Reflecting on my 9-month experience of circumnavigating Africa by truck, I see my adventure as being defined by superlatives from start to finish. During that period, I traveled through 34 countries and territories and covered approximately 26,000 miles (42,000 kilometers), making it the longest, toughest and most extensive journey of my life. It was in Africa that I experienced the most inhospitable environments and witnessed the most extreme poverty, but where I found myself equally mesmerized by stunning landscapes and beautiful people, and where I experienced the most thrilling adventures. Like other travelers before me, I learned that Africa provides so many unique experiences for those that go in search of them.

Throughout my journey, I was constantly active and always on the go. Riding the dunes of the Namib Desert, rafting the treacherous river waters of Uganda, swimming the vast cool rivers and lakes of Guinea and Ghana, hiking the Todra Gorge in Morocco, and sightrunning through many villages and cities throughout the continent, I was repeatedly challenging myself, physically. As someone who is as fit today, at 45, as I was when I played varsity sports in college, I found myself rising to these challenges. Other aspects of my experience, however, I found far more grueling. Hiking the most desolate deserts of Sudan in the midst of scorching heat, trekking the deep and steamy jungles of Cameroon, and enduring hours upon hours of rough and bumpy drives over dusty roads took a cumulative toll on me.

While my trip was incredibly challenging from a physical perspective, it also stretched me mentally and emotionally. It was much more than just seeing the animals or the landscapes. It was a journey that led me to look deeply into myself and to reflect on who I am, where I’ve been, what I’ve done and what comes next. So what was it like for me, a woman approaching the onset of her midlife, to leave behind my husband, my home and my career to undertake a journey of this magnitude? How did I feel? What thoughts went through me?

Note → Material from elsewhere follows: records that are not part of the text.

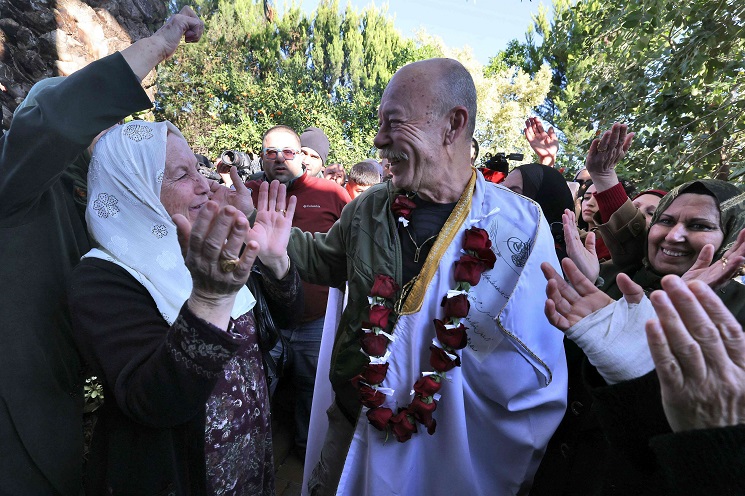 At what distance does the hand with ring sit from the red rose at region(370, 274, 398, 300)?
1.37 ft

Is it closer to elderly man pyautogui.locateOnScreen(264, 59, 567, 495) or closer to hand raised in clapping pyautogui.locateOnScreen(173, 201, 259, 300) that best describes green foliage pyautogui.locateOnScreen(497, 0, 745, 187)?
elderly man pyautogui.locateOnScreen(264, 59, 567, 495)

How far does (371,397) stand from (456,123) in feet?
4.16

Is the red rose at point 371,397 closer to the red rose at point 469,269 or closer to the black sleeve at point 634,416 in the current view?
the red rose at point 469,269

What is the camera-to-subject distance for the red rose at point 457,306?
176 cm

My senses were heightened. Journeying through Africa is an all-out assault on the senses. Seeing the glorious, saffron-hued dunes of the Sahara and Namib deserts, the vibrant and colorful garments of the West African people and Muslim women, and the colorful markets across the continent; hearing the chilling roar of hungry lions in Zimbabwe; tasting the sharpness and spiciness of Ethiopian cuisine; feeling the ever-present dust and dirt on my skin and the sweltering heat of the sun; and smelling the pervasive scent of the earth throughout the journey. At one point, when my face was licked by a giraffe, I could not even begin to describe the myriad of sensations that I experienced. All my senses were on fire.

My survival instincts were on full throttle. At times, I took calculated risks by jumping off the truck, leaving behind the relative comfort and security of my travel group to experience the real Africa firsthand. Sometimes, that would be with equally adventurous travel buddies, and other times I’d go solo. My most memorable experiences came out of these independently planned excursions. In the Democratic Republic of the Congo, we walked the streets of Kinshasa (regarded as one of the most dangerous cities in Africa), because we wanted to experience the city for ourselves. In Mali, we ran through the chaotic streets of Bamako, just a few short weeks after the bloody siege of a hostage situation at a hotel where 27 innocent victims had died. In Gabon, we rode a night bus to Libreville, with a driver that seemingly had a death wish, given the suicidal speeds that he drove at. In Nigeria, we explored the crowded markets of Lagos, always on guard for presence of Boko Haram, even though we had no way of identifying who they were. In Sudan, on my own and in search of food, I explored the streets of the harsh desert towns, unwittingly becoming the day’s source of entertainment for bemused locals. In Guinea, on another solo venture, I ran through villages while trying to constantly remain on the lookout for people that looked sick, for fear of getting infected with the Ebola virus.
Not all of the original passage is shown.